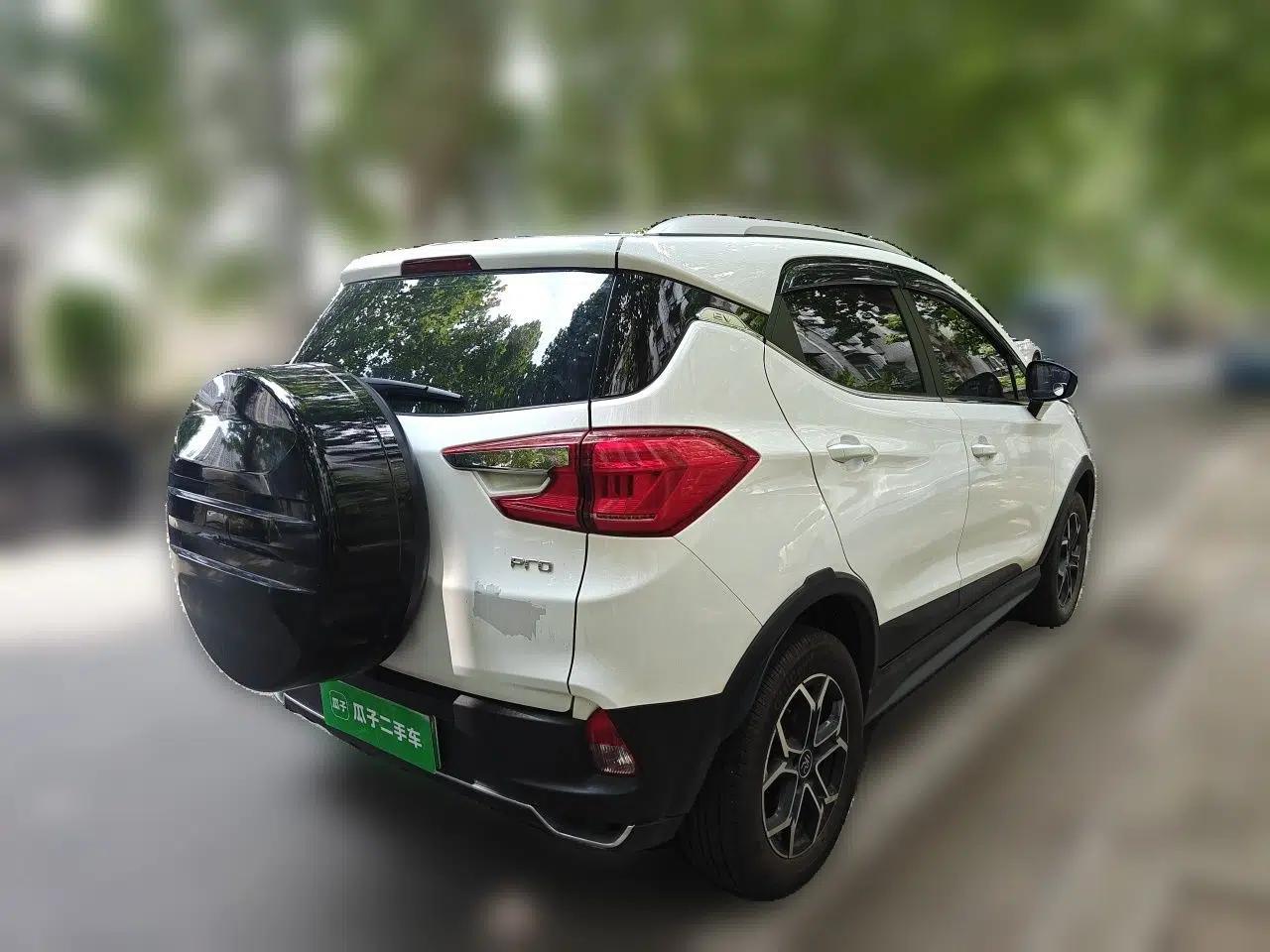 BYD Yuan Pro 2021 401 km Luxury Version — миниатюра 6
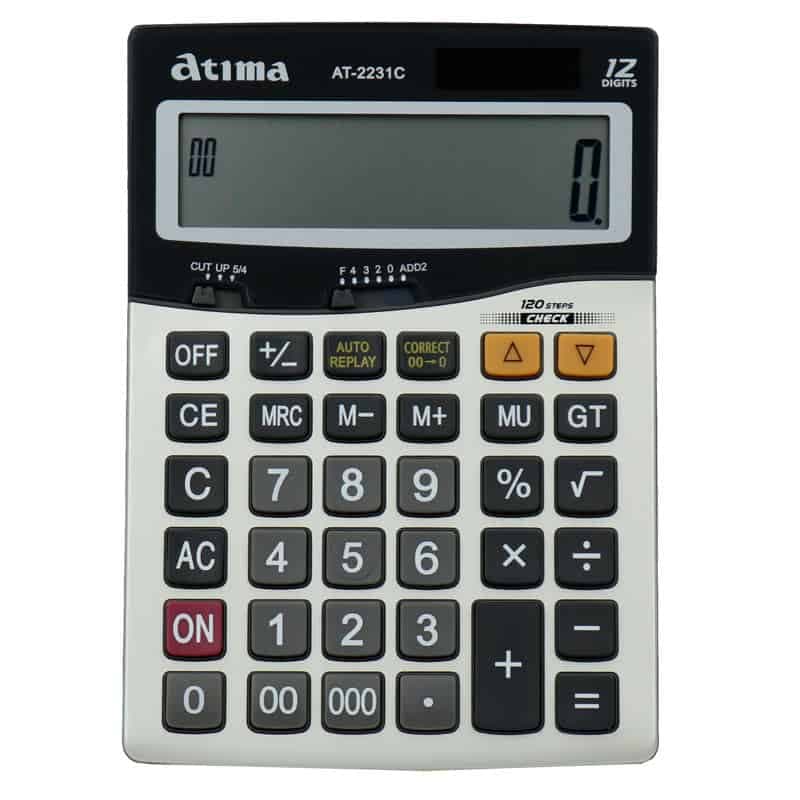 ماشین حساب آتیما Atima AT-2231C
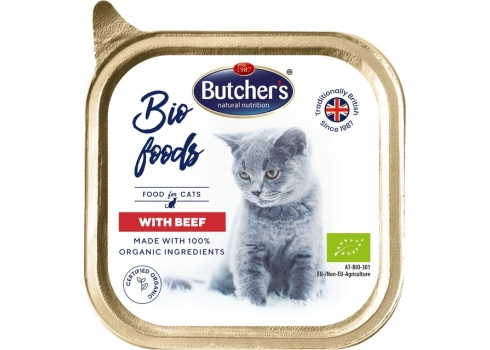 Butcher's kassi konserv Bio veiselihaga 85g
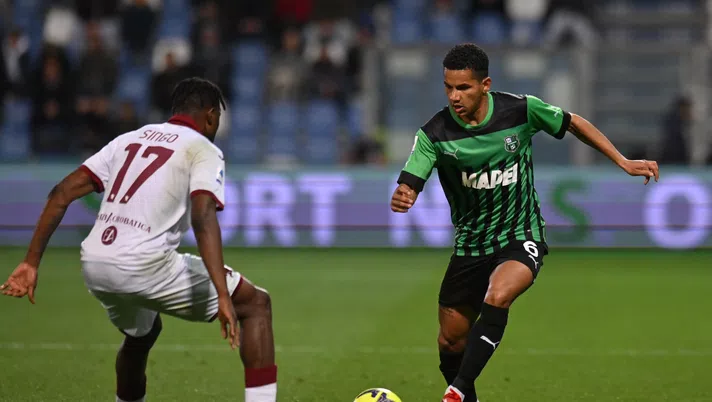 Sassuolo-Torino 1-0 al 45’: i granata creano, ma il gol lo trova Pinamonti - immagine 1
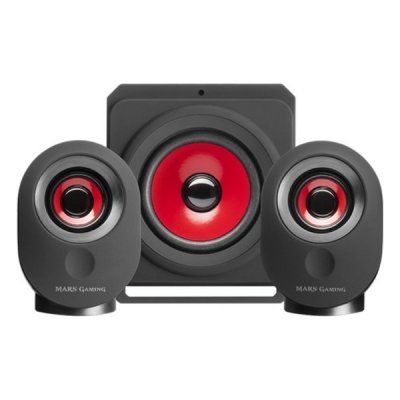 Gaming Högtalare Mars Gaming MSX Bluetooth 35W Svart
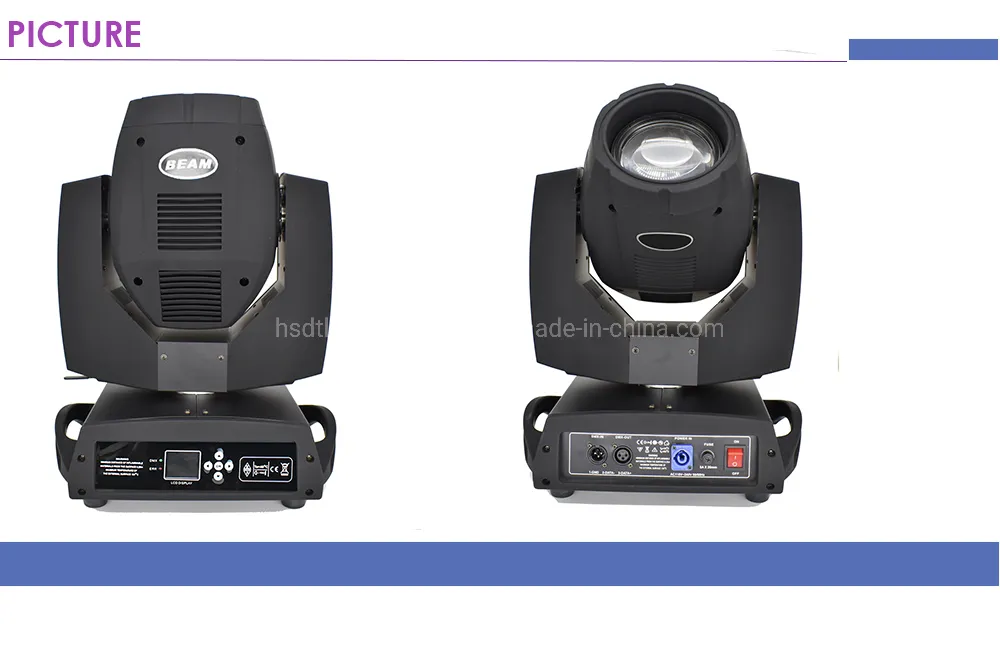 230W 7r Beam Moving Head Light Live House Stage Lighting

__Exercise description__: Copy the lines exactly. Start at the line with "Butcher's kassi konserv Bio veiselihaga 85g", end at the last line above, include both, and omit all pictures.

__Written response__:
 Butcher's kassi konserv Bio veiselihaga 85g
 Sassuolo-Torino 1-0 al 45’: i granata creano, ma il gol lo trova Pinamonti - immagine 1
 Gaming Högtalare Mars Gaming MSX Bluetooth 35W Svart
 230W 7r Beam Moving Head Light Live House Stage Lighting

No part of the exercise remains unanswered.